Director General, Economic & Consular, Foreign & Commonwealth Office
“I have found it a huge privilege to be a CSaP Fellow for the past two years, meeting with a range of experts covering topics from neuroscience to the future of cities.”
Sometimes, I’ve had to think carefully about how I might apply these subjects to the work I do on diplomacy. But I’ve always found a link as well as enjoying stimulating discussions that have opened up new and diverse subjects.
Science and evidence are a central part of our diplomatic toolkit. We’ve had our own in-house academic team – our research analysts – for over 70 years, as well as FCO historians for almost a century. They’ve been invaluable to me personally in helping me understand the key drivers of different countries and issues, and linking me up with academics and think tanks.
We have 90 science officers in more than 30 countries engaged with fostering and promoting scientific collaboration.
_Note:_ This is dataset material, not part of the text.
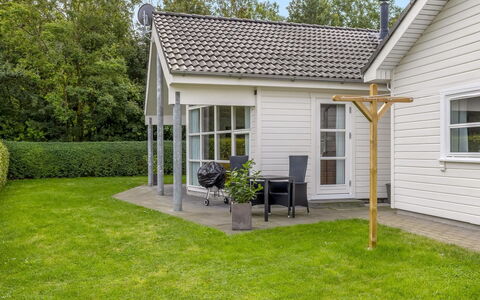Elizabeth - 175M from the Sea: Huis, Huis, Verblijf, Dak, Siding, Tuin, Gazon, Groundcover, Werf, Landgoed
The UK is one of a handful of countries with a Chief Scientific Adviser in the Foreign Office using science diplomacy to build links with other countries.
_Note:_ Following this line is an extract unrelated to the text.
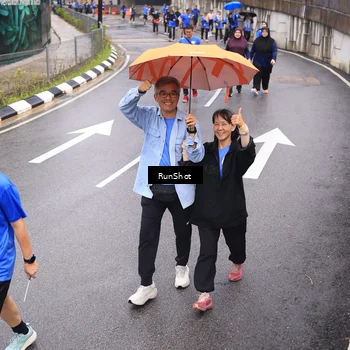 Runner Photo 7946547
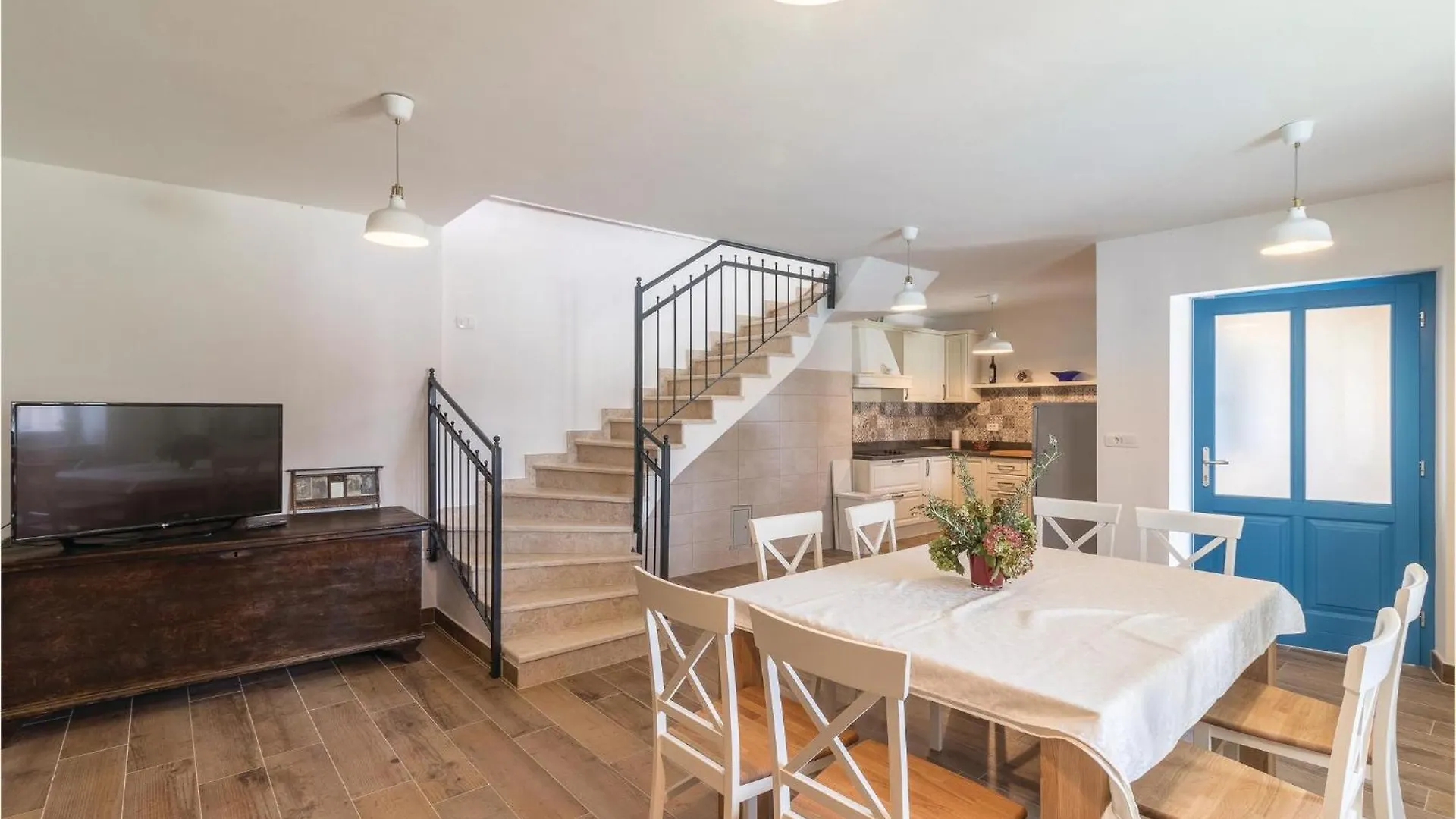 9 Bedroom Lovely Home In Bokordici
As a country with a long history, it is important that we understand the way we are perceived by others, including their take on any shared history we may have – as well as an understanding of the culture, politics and economies of those countries. It’s also helpful to know what’s worked and what hasn’t.
Our in-house teams are a foundation of that but external discussions and links are essential too, and CSaP has been an excellent vehicle for extending my knowledge and contacts in the wider academic world, as well as opening up new subjects and improving my awareness of the strength of UK academic research.
I have found it a huge privilege to be a CSaP Fellow for the past two years, and I look forward to continuing to engage in the future.